Shorting
If you are tempted by short selling, and you are not a professional market operator, this page is a piece of necessary medicine.
'Shorting' means.....
......selling stuff you don't own.
In financial trading you can 'short' all sorts of things. The most common is 'shorting stock', which means selling a stock you don't own. So 'shorting Vodaphone' means selling shares in Vodaphone before you've bought them.
How do you do that?
Actually it is not that difficult. An example from a different trading world:
If you were an antique dealer without any stock and an impatient customer said he wanted a piece of Lalique glass of a certain type and was prepared to pay £1,000 for it, you might commit to sell him one. Then you would rush round the specialist dealers trying to buy one to deliver to your customer. You would have sold something you have not got. And until you found it, you would be 'short Lalique'.
What's more, until you found it you would be at risk. You committed to £1,000 because you reckoned you could find one for £800 (say) and you could make a £200 profit. But what if you could only find one at £1,300? Then you would have lost £300. When you are 'short' you lose money if the price goes up.
As with Lalique, so with Vodaphone. You can 'short Vodaphone'. But you have to deliver what you have sold. Which means you have to buy it, eventually.
Health warning
If you buy Lalique for £1,000 the worst that can happen is you drop it on the floor and lose £1,000. But if you sell for £1,000, and then try to buy what you have sold, and you find there is just one piece of Lalique of the right type in all the world, how much will you have to pay for that piece? From a man who knows you have to have it? £2,000? £10,000? £100,000? Why not £1million?
So short selling is dangerous. Because it is not always obvious what your risks are. And your losses are unlimited. You should not do it.
But, curiously, a skilled trader can use shorting to reduce risk. The ability to 'short' opens up a whole new spectrum of possible trading bets. Not just a bet that a price will fall; but the much subtler bet that price differences will change. When you buy something and simultaneously sell something similar it is called 'hedging'.
Hedging
Let's take an example: Suppose you are an automotive industry specialist, and you come to the view that the prospects for General Motors are very much better than the prospects for Ford. And that this is not reflected in the relative prices of their shares. Perhaps GM have a better model range in the pipeline. Perhaps you perceive that GM have more successfully upgraded their manufacturing techniques. Perhaps you are pessimistic about Ford's labour relations. Whatever.
Now, if you just buy General Motors shares, that might be a good bet. If it's in a stronger position than Ford it is likely to do well. But all sorts of things might go wrong. Rising interest rates might damp consumer demand. There could be a general stock market decline. There could be an oil crisis.
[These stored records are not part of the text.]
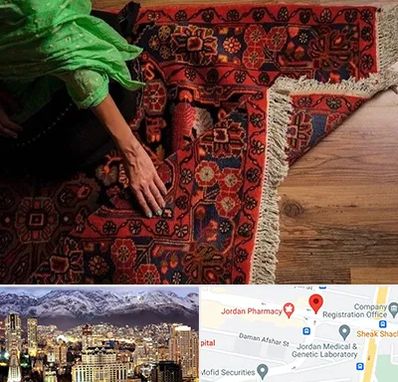 فروش فرش دستباف در جردن 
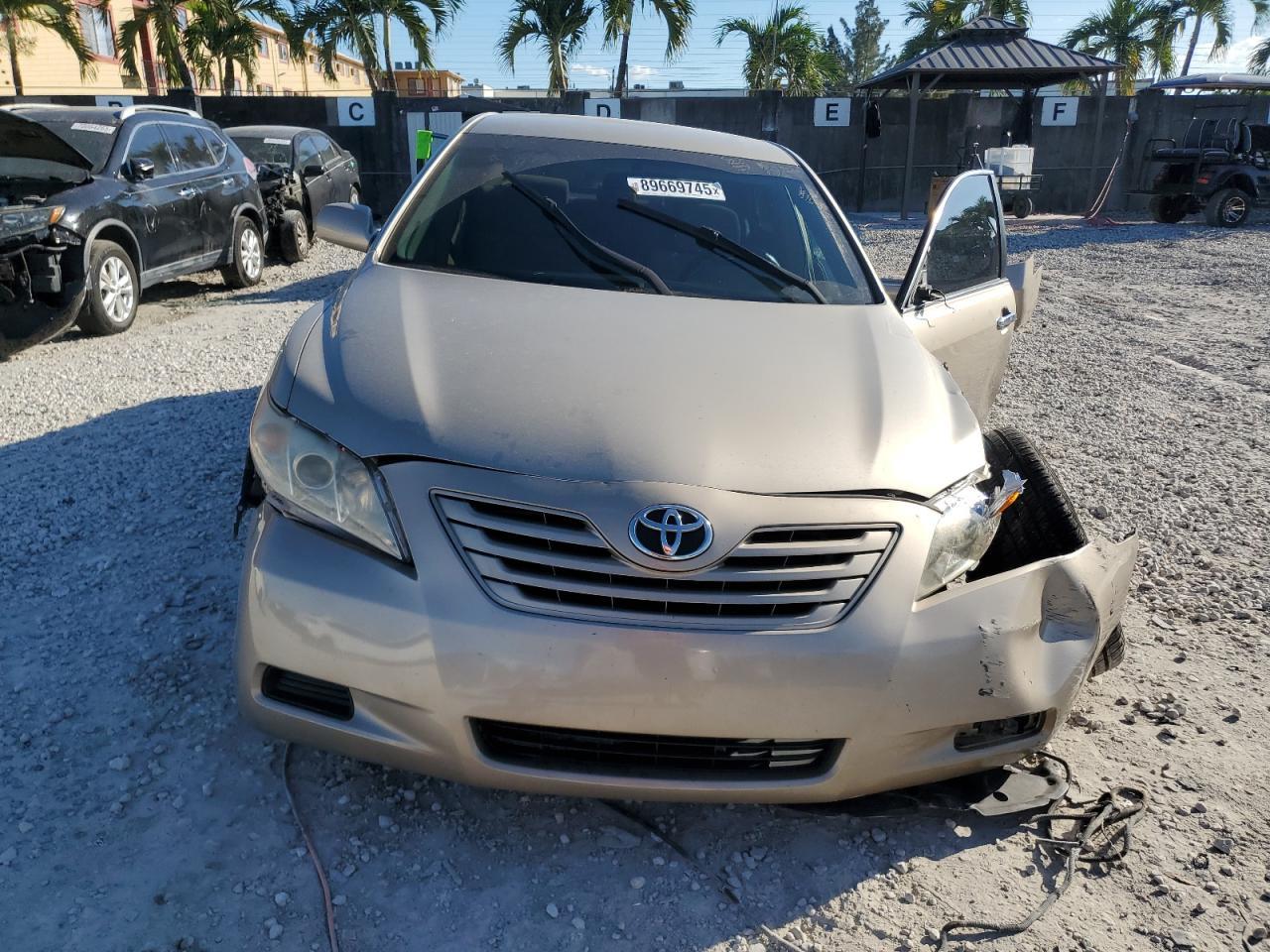 2009 TOYOTA CAMRY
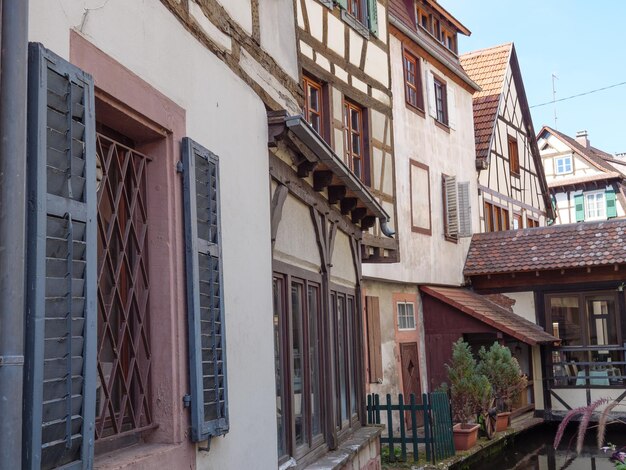 Foto la ciudad de wissembourg.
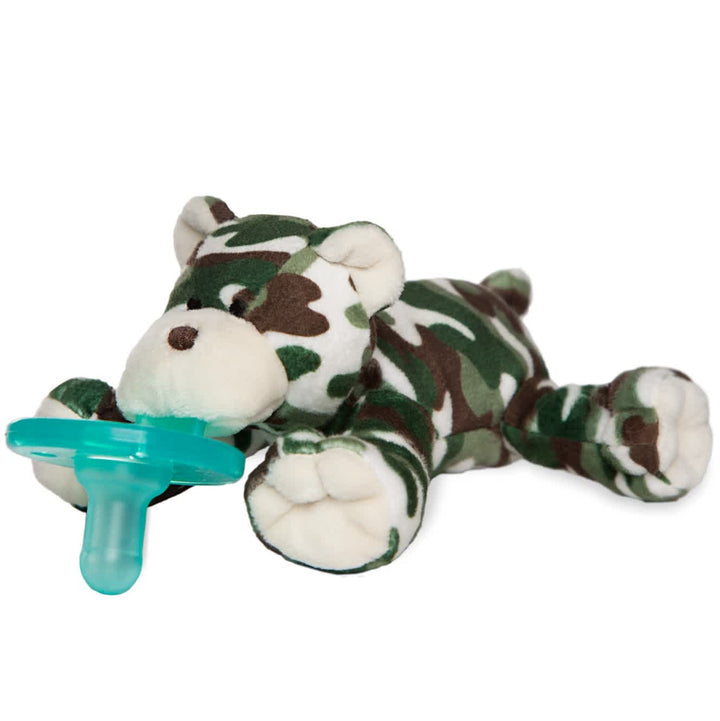 Baby Camo Bear WubbaNub® Pacifier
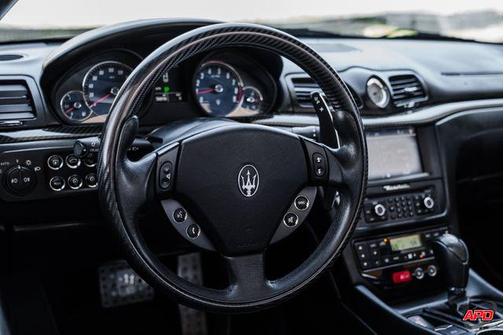 2012 Maserati GranTurismo Sport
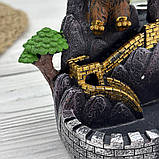 Керамічна курильниця для пахощів «Пролітаючи над Великою китайською стіною», фото 3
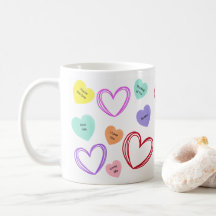 Valentine Heart Mugg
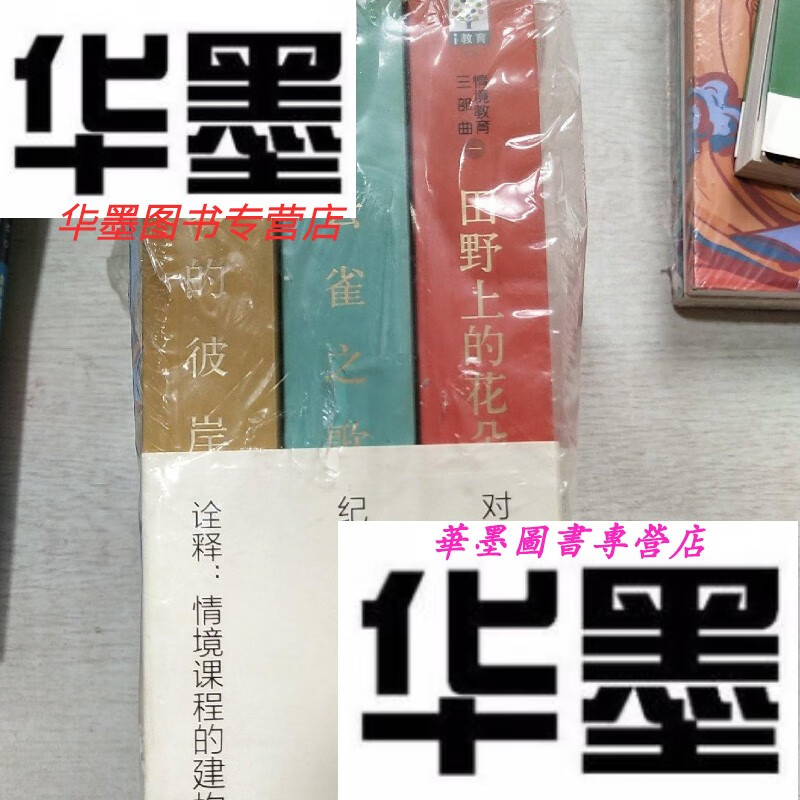 【二手9成新】情境教育三部曲:田野上的花朵——对话:情境教学的萌发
There is a way that you can profit from your specific judgement that GM will do better than Ford. You buy GM stock and you sell the same value of Ford. Now it doesn't matter what happens to the market as a whole, or to automotive stocks as a group. So long as GM does better than Ford you will win.
If you trade both at 60 and Ford declines to 40 while GM falls to 45, you will win 20 on your Ford 'short' and lose 15 on your GM 'long' - net gain of 5. In contrast, if Ford rises to 70 and GM rises to 76 you lose 10 on Ford and gain 16 on GM - net gain of 6.
The business of betting on price differences is called 'arbitrage'.The principle of protecting yourself against certain risks (in this case the general market risk) is called 'hedging'.